___ GIVEN ENTRIES ___
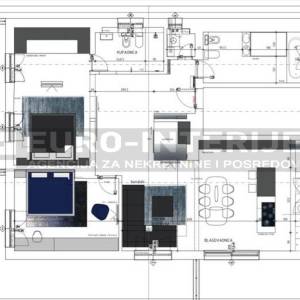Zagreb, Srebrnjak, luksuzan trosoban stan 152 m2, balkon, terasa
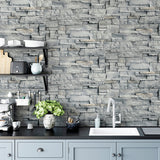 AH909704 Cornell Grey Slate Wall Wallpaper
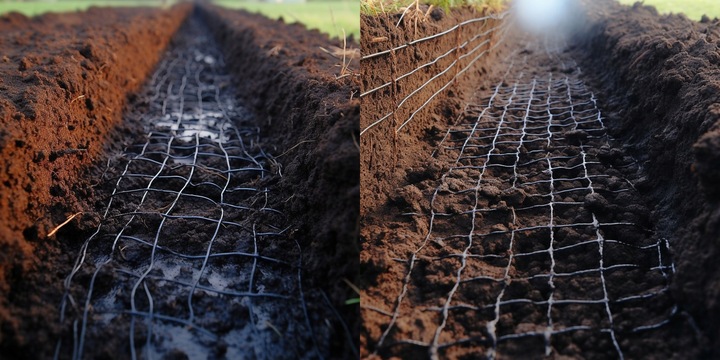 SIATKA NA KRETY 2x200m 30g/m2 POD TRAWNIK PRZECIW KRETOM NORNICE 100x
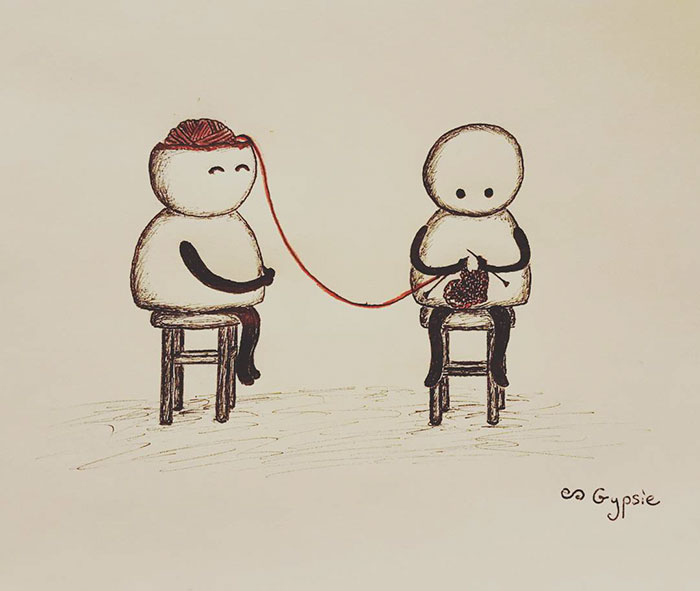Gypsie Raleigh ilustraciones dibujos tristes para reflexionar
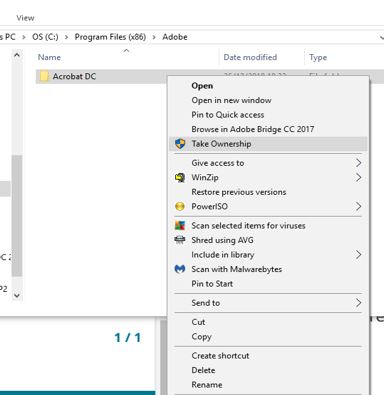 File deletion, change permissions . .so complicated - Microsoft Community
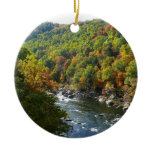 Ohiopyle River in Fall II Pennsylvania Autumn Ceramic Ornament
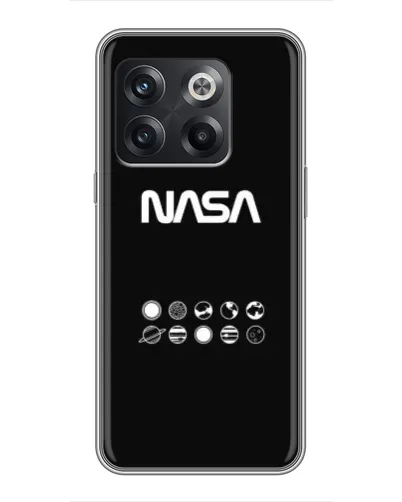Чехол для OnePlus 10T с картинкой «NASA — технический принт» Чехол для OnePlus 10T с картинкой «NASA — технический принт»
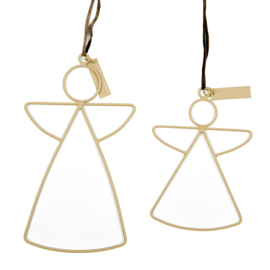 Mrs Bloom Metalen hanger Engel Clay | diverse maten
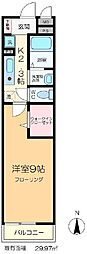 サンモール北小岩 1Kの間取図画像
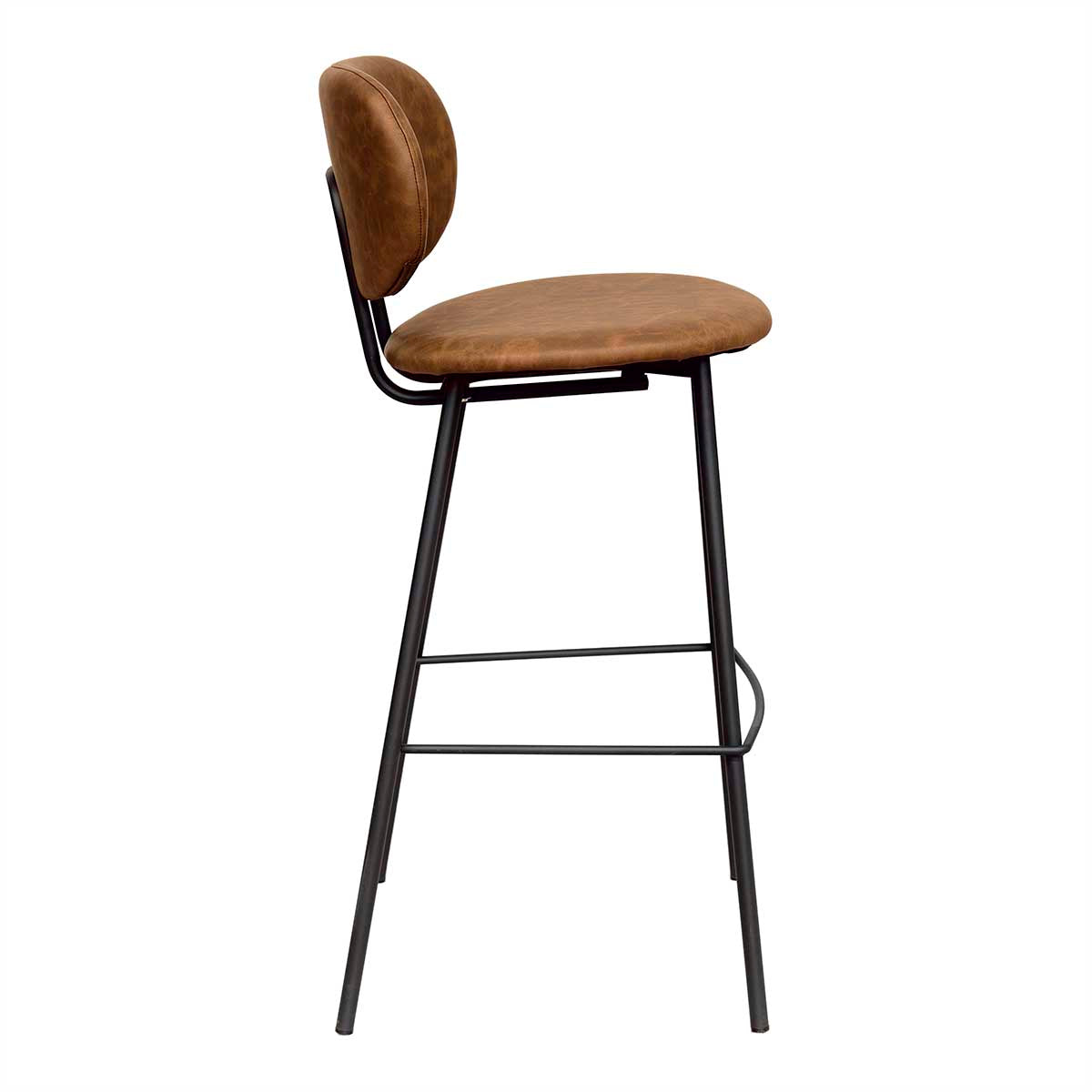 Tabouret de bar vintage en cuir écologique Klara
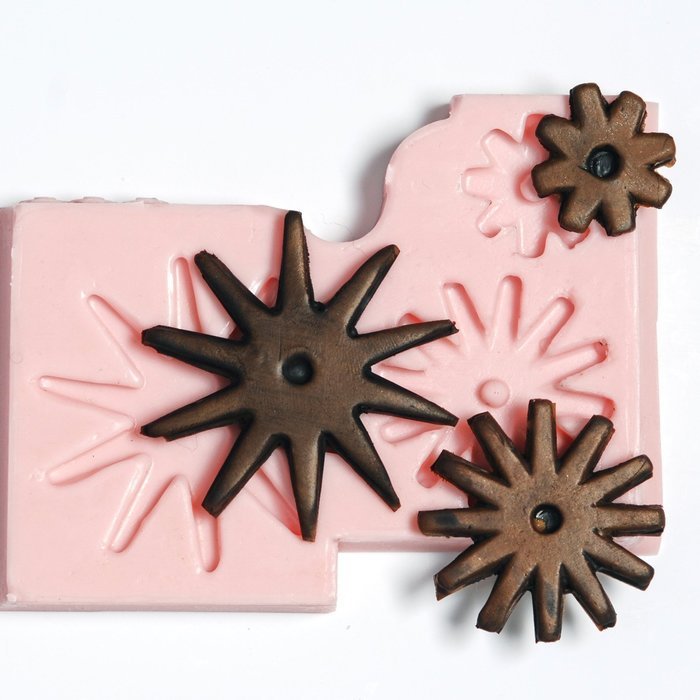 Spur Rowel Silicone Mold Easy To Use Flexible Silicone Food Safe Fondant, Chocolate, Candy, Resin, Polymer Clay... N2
___
WHAT YOU ARE ASKED TO DO: Would you write out every record word for word, leaving no picture in?

EXERCISE SOLUTION:
Zagreb, Srebrnjak, luksuzan trosoban stan 152 m2, balkon, terasa
 AH909704 Cornell Grey Slate Wall Wallpaper
 SIATKA NA KRETY 2x200m 30g/m2 POD TRAWNIK PRZECIW KRETOM NORNICE 100x
Gypsie Raleigh ilustraciones dibujos tristes para reflexionar
 File deletion, change permissions . .so complicated - Microsoft Community
 Ohiopyle River in Fall II Pennsylvania Autumn Ceramic Ornament
Чехол для OnePlus 10T с картинкой «NASA — технический принт» Чехол для OnePlus 10T с картинкой «NASA — технический принт»
 Mrs Bloom Metalen hanger Engel Clay | diverse maten
 サンモール北小岩 1Kの間取図画像
 Tabouret de bar vintage en cuir écologique Klara
 Spur Rowel Silicone Mold Easy To Use Flexible Silicone Food Safe Fondant, Chocolate, Candy, Resin, Polymer Clay... N2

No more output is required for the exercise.